| N.J. | Nov 15, 1896

*430The opinion of the court was delivered by

Beasley, Chief Justice.

This writ of error rests upon the assumption that when, in the criminal court, an order was entered in the minutes thafput an end to the then pending prosecution, that thereby the obligation of the recognizor was conclusively discharged. In the brief of counsel, the problem is thus formulated: “ The entry of a nolle prosequi by the order of the court, on motion of the prosecutor, is a discharge of the bail.”

But this court is of opinion that this contention is a manifest fallacy. In order to sustain the proposition, it would be necessary to suppress an important and clearly-expressed stipulation in the recognizance itself. As appears from the pleading in the case, this instrument now in question is in the proper and customary form, and imposes a twofold objection—that is to say, that the defendant in the indictment will first appear and stand to and abide “the order and judgment of the court in the premises, and in the second place, will not depart the said court without leave.” In the present instance, this latter stipulation was admittedly violated, as there is no pretence that the withdrawal of the defendant from the court had been judicially sanctioned.

And it is also to be noted that this engagement that the defendant will not depart the court without leave is not merely ancillary to the promise that he will abide the judgment of the court, but it is an additional and independent term of the contract.
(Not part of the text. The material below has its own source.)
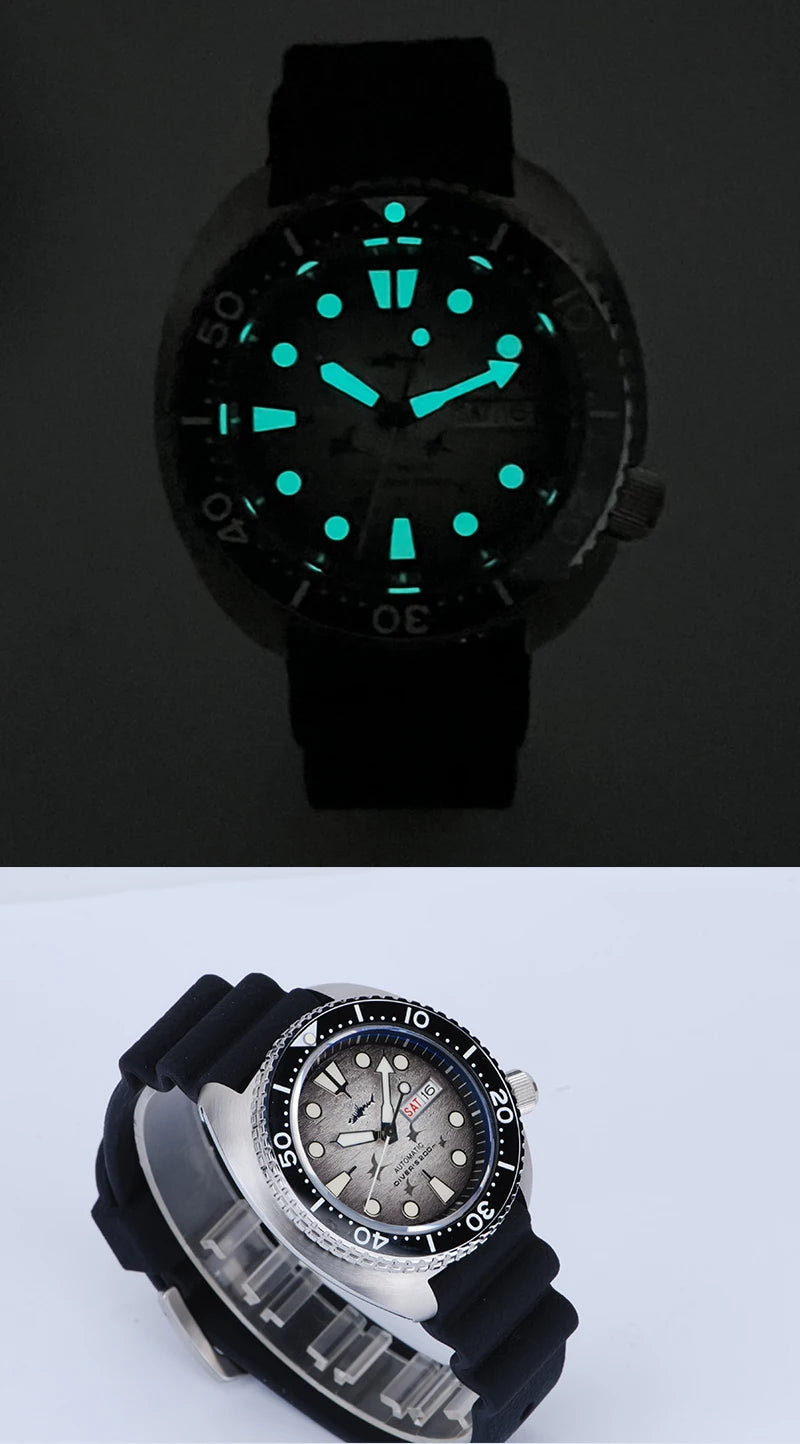Heimdallr Watches For Men 20Bar Waterproof Luminous Sapphire Crystal NH36A Automatic Movement Vintage Men's Diving Wristwatch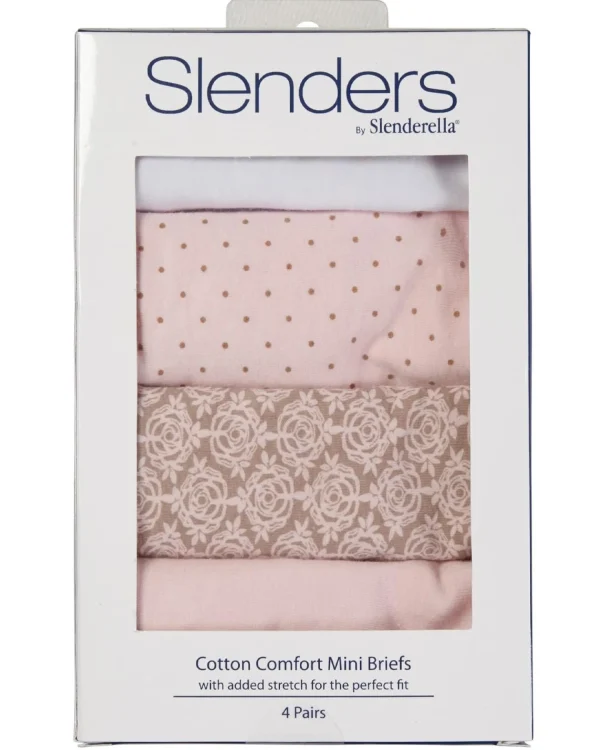 Slenderella Knickers | Slenders By 4 Pack Cotton Mini Brief - Pink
In its absence, our criminal procedure would be radically imperfect. It is intended to provide, and does provide, for the occasion when a particular form of prosecution may be terminated, but when, in another mode, the prosecution is to be continued. In the case before the court, a nolle prosequi was entered, the effect of which was, if it remained in force, to vacate and annul the then existing indictment, but it did not conclude the prosecution for the offence, for another indictment could have been found. And if, in that condition of things, the prosecutor had stated to the court that the state intended to present the matter to the next *431grand jury, it is obvious that the court, if applied to, would not have ordered an exoneration to have been entered on the bail-piece. The importance, therefore, of the requisition that the defendant in the prosecution cannot be discharged until he has obtained formal judicial consent to such result, is plainly apparent. In the present instance, there is much reason to believe that if the motion had been made to discharge the prisoner on the ground that a nolle prosequi had occurred, such motion would have been rejected, inasmuch as the rule for judgment on the abandonment of the existing procedure was ordered to be erased from the minutes, the implication being that the entry had been made by mistake or without authority. If this were a case in which a judgment putting an end absolutely to the prosecution for the offence, such as would ensue in a verdict of acquittal or conviction, an entirely different question from that we are .now considering would have been presented, for, in view of such a final determination, the stipulation not to depart from the court without leave would have been bereft of all substantial force. What the effect of such a course of law would be it is not necessary to consider. All that the court at present decides is that the cessation of the criminal proceeding in a certain form, leaving a potentiality of its further prosecution in a different method, does not, ipso facto, discharge the defendant from the obligation of his recognizance.

As it appears from the record before us that the defendant did depart the court without leave, the recognizance was thereby forfeited, and the judgment should therefore be affirmed.

*For affirmance—The Chancellor, Depue, Gummere, Magie, Van Syckel, Bogert, Krueger, Nixon. 8.

For reversal—Garrison, Barkalow, Dayton, Hendrickson. 4.

Chief Justice Beasley was prevented by sickness from being present when this cause was disposed of.